When the drive fails, it should be stopped immediately and the power should be disconnected to avoid the fault from escalating. Based on the fault indicator status of the drive and the fault codes read by the software, combined with the fault diagnosis guide in the product manual, gradually investigate the cause of the fault. The common faults and their solutions are as follows:

-Overload fault: manifested as the overload alarm indicator light on, which may be caused by excessive load, mechanical jamming, unstable power supply voltage, improper parameter settings, etc. Solution: Check if the mechanical transmission part is smooth and eliminate any jamming phenomenon; Verify whether the load is within the rated load range of the drive; Check if the power supply voltage is stable; Re optimize the control parameters and adjust the overload protection threshold appropriately (within the allowable range);

-Overcurrent/overvoltage faults: may be caused by abnormal power supply voltage, motor winding short circuit, internal circuit faults of the driver, and other reasons. Solution: Check if the input power supply voltage meets the requirements; Disconnect the motor wiring and check the insulation and continuity of the motor winding; If the power supply and motor are normal, it may be an internal fault of the driver, and professional maintenance personnel need to be contacted for repair;

-Encoder malfunction: manifested as abnormal position feedback and motor shaking, possibly due to loose encoder wiring, poor contact, or encoder damage. Solution: Check if the encoder circuit connection is secure, unplug or replace the encoder cable; If the problem persists, check if the encoder is damaged and replace it if necessary;

-Overheating fault: often caused by poor heat dissipation, high ambient temperature, or internal cooling fan failure of the drive. Solution: Clean the dust in the heat dissipation channel of the drive; Check if the ventilation and heat dissipation device of the control cabinet is functioning properly; If the ambient temperature is too high, cooling measures should be taken; If it is an internal heat dissipation fault of the drive, it is necessary to contact maintenance personnel for handling.

（4） Software maintenance

Timely follow the official software updates and firmware upgrades released by Yaskawa, regularly upgrade debugging software and drive firmware to fix known software vulnerabilities and improve drive performance and compatibility. At the same time, regularly backup the parameter configuration files of the drive to avoid system failures caused by parameter loss or errors. It is recommended to back up the current parameters before upgrading the firmware, and ensure stable power supply during the upgrade process to avoid interrupting the upgrade process.

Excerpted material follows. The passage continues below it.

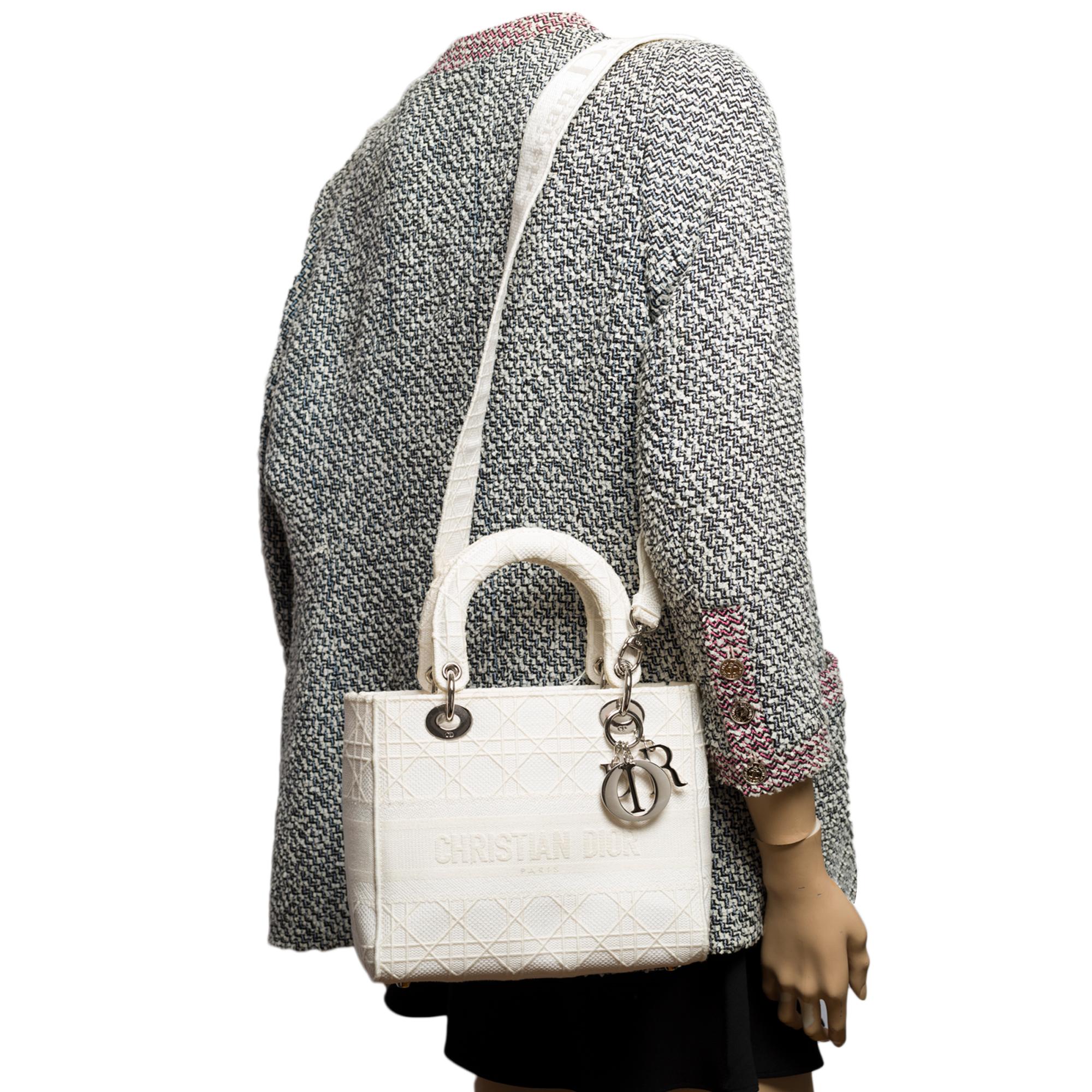 Limited Edition Lady Dior MM D-Lite in white Tweed, SHW 6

（5） Storage and transportation

When the drive needs to be stored or transported for a long time, it should be placed in packaging that meets the storage environment requirements, avoiding severe vibration, impact, humidity, high temperature, and corrosive environments. Before storage, all wiring must be disconnected, debris on the surface of the drive must be cleaned, and the drive must be in a power-off state. During transportation, protective and fixing measures should be taken to prevent the internal components of the driver from being damaged due to collisions and bumps. Before reusing after long-term storage, it is necessary to conduct a comprehensive inspection and parameter calibration of the drive to confirm that there are no abnormalities before putting it into use.